EXERCISE:
Starting with the line that contains "2-к квартира, посуточно, 45м2, 1/1 этаж", copy each line exactly through the end of the listing, and omit all pictures.

SUPPLIED RECORDS:

################

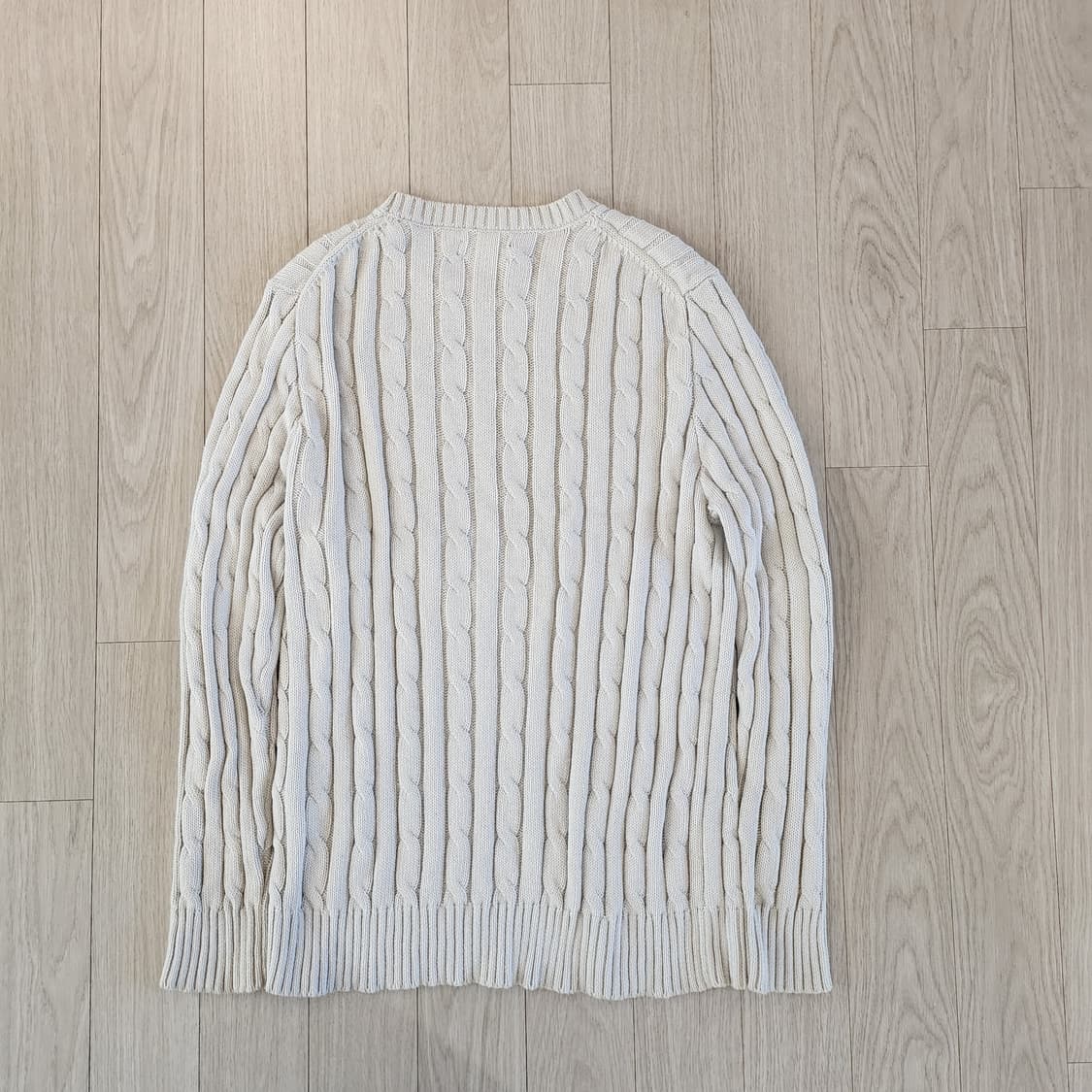 폴로 랄프로렌 니트(남녀공용) ●표기사이즈 M (S~L가능) 상품이미지3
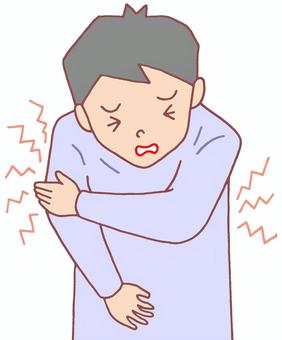 muscle pain cliparts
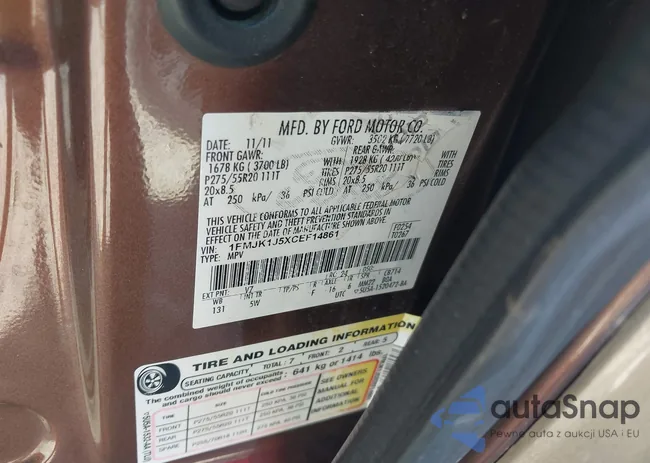 1FMJK1J5XCEF14861: 44380989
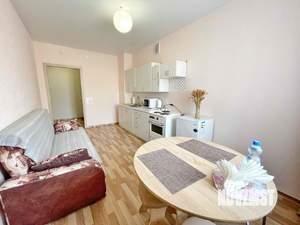 2-к квартира, посуточно, 45м2, 1/1 этаж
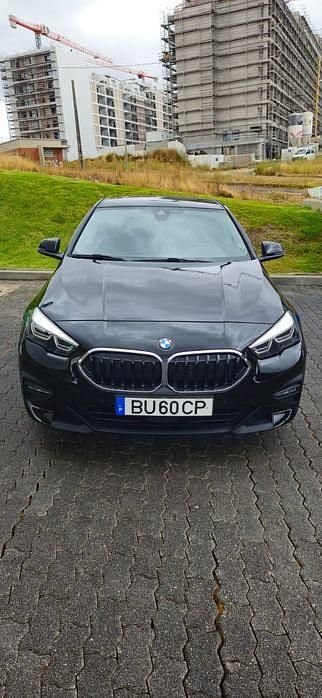 Preto Usado 2022 BMW 216 Coupé | € 17.000 - Imagem 1/4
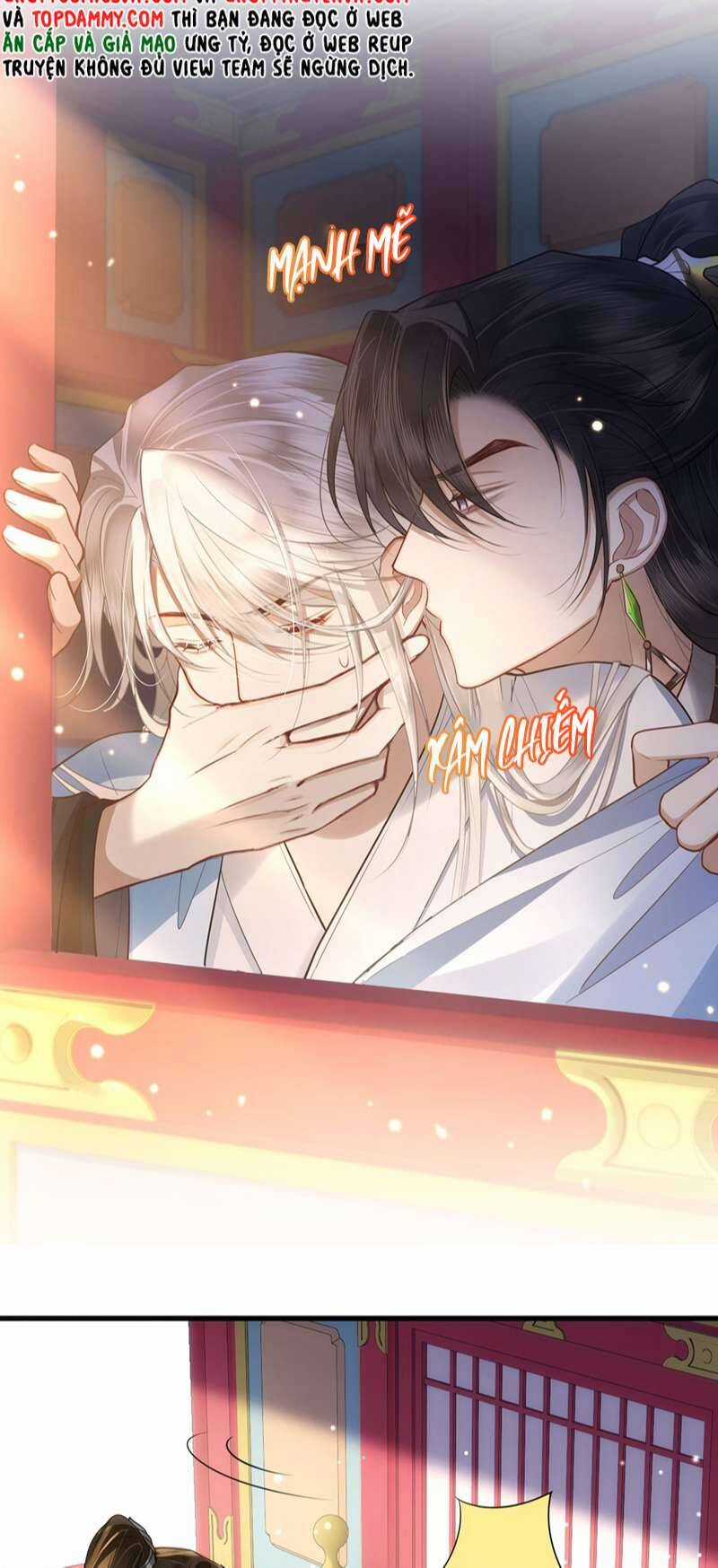 Điện Hạ Khuynh Thành Chương 58 trang 7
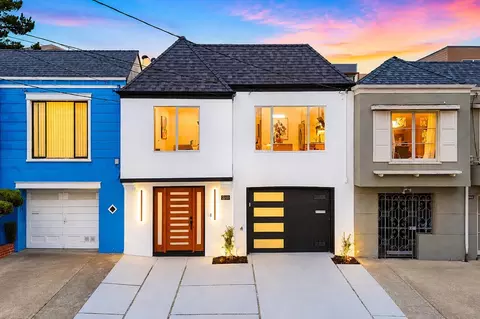 2050 33rd Ave, San Francisco, CA 94116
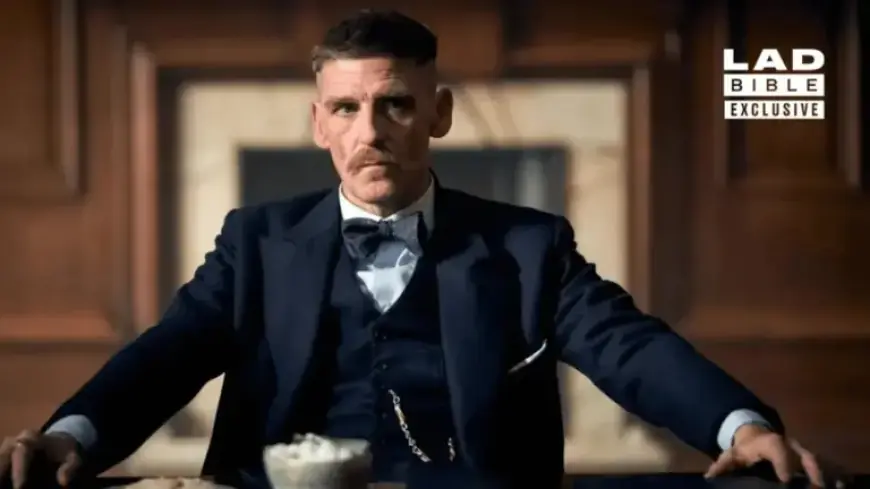 Paul Anderson Discusses Peaky Blinders Movie and Arthur’s Fate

################

TASK RESULT:
 2-к квартира, посуточно, 45м2, 1/1 этаж
 Preto Usado 2022 BMW 216 Coupé | € 17.000 - Imagem 1/4
 Điện Hạ Khuynh Thành Chương 58 trang 7
 2050 33rd Ave, San Francisco, CA 94116
 Paul Anderson Discusses Peaky Blinders Movie and Arthur’s Fate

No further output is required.